S3
The Amazon S3-based data lake solution uses Amazon S3 as its primary storage platform. Amazon S3 provides an optimal foundation for a data lake because of its virtually unlimited scalability. This storage space is used as a cloud storage data source.
Sprinkle supports a wide range of data sources. On clicking the “+sign”, a list of data sources pops up. In this case, S3 Datasource is selected. A new S3 Data source is named and created.
After naming the data source, the connection tab would require the user to provide the Secret Key, Access Key, Region, Bucket Name. The credentials can be tested if they are valid or not by testing the connection before updating.
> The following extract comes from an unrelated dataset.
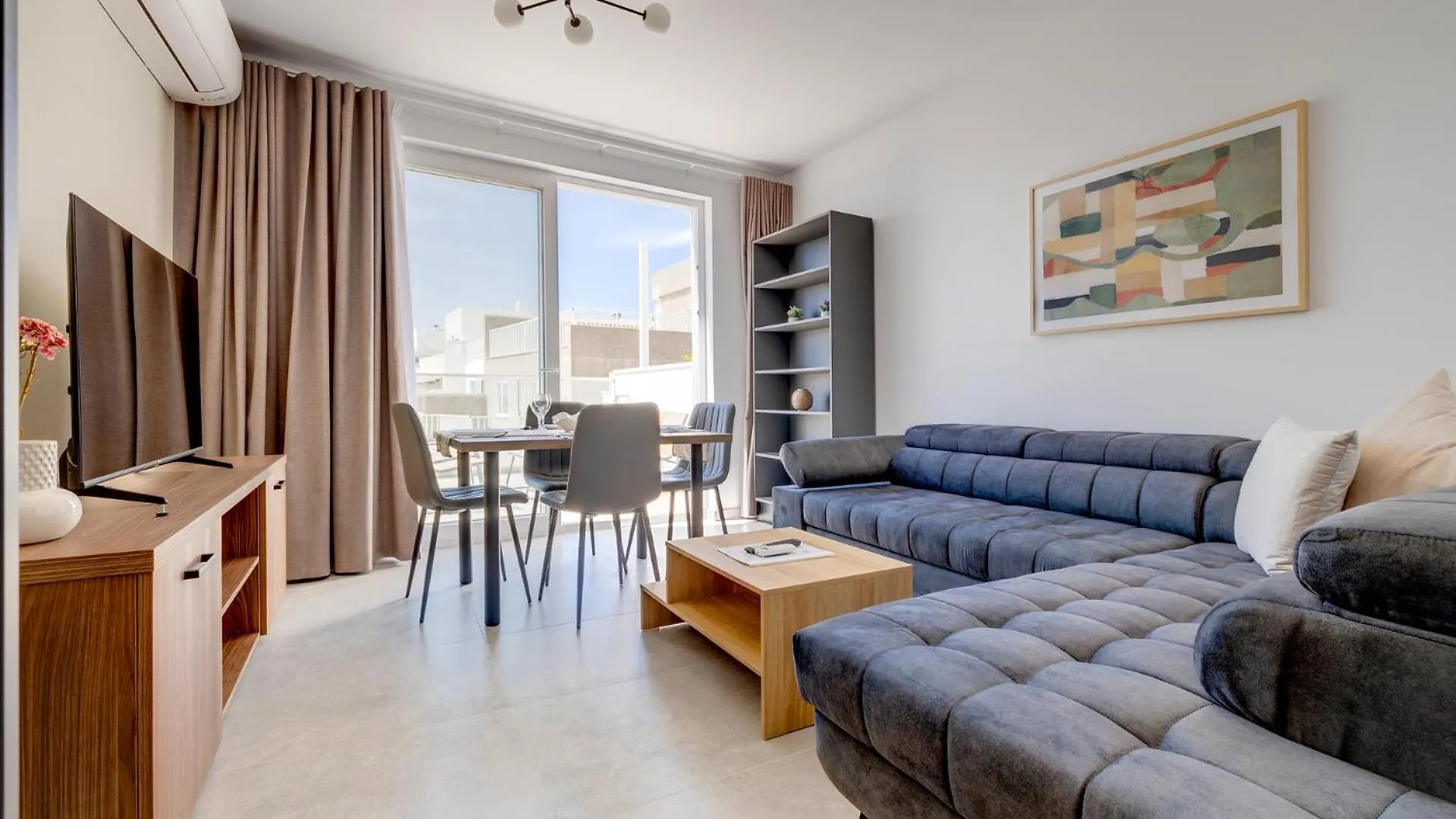Apartment Stylish Penthouse Rooftop Hot Tub Harbour Views Sliema Malta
Follow the documentation at https://amzn.to/2CS9OcK to generate access key and secret key and provide them in the connection details, if you are allowing access key based access to your storage.
Region should be where the storage bucket was created, for example ap-south-1 and Bucket name is the name of the bucket created on AWS S3. Eg: Twx-Bucket
In Datasets, the user is required to specify a table name and select the type of ingestion, whether it is complete ingestion or incremental ingestion. Complete ingestion loads the entire data at once irrespective of the pre-existing data. This takes significant time, if data is huge. In Incremental loading only new and latest data is ingested.
After selecting the ingestion mode, the File Type needs to be selected as either ORC, JSON, CSV or PARQUET. Then, the user can optionally define a directory path to pull data from, so that it pulls all the files in that specific path, Eg: s3a://test-sprinkle-a/s3Ingest/s3Ingest13
In the Ingestion jobs tab, the concurrency (number of tables that can run in parallel, a maximum of 7) can be set preferentially before running the job. The status of the job will be updated in the tab below once it’s complete. The jobs can also be set to run automatically by enabling autorun. By default, the frequency is set to every night. Frequency can be changed by clicking on More --> Autorun-->Change Frequency.
Sprinkle supports different types of delimiters for CSV ingestion through cloud storage ingestion. When a user chooses CSV as the type of file then drop downs related to CSV file appear.
In the drop down there are delimiters like comma,tab,pipe, dash or other.
If the user chooses OTHER_CHARACTER as a type of CSV delimiter then one more field appears where the user can write the symbol for the delimiter.